What is required >>
Copy verbatim the block of lines in the entries below whose first line contains "Tuckernuck Tops - Pink Stripe Cropped Polo" and whose last line contains "Rust Brown Embroidered". Leave out all other lines.

Supplied records >>
====

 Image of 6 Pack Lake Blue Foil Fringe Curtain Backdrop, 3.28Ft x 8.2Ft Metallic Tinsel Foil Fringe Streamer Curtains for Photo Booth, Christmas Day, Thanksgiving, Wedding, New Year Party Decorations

====

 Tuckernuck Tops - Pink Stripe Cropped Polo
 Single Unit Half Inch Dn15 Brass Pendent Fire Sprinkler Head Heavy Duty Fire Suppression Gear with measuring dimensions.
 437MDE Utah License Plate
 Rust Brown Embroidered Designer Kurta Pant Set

====

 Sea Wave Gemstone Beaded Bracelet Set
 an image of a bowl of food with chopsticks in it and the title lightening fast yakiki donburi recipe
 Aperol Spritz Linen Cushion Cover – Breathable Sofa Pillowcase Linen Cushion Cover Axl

====

Response area >>
 Tuckernuck Tops - Pink Stripe Cropped Polo
 Single Unit Half Inch Dn15 Brass Pendent Fire Sprinkler Head Heavy Duty Fire Suppression Gear with measuring dimensions.
 437MDE Utah License Plate
 Rust Brown Embroidered Designer Kurta Pant Set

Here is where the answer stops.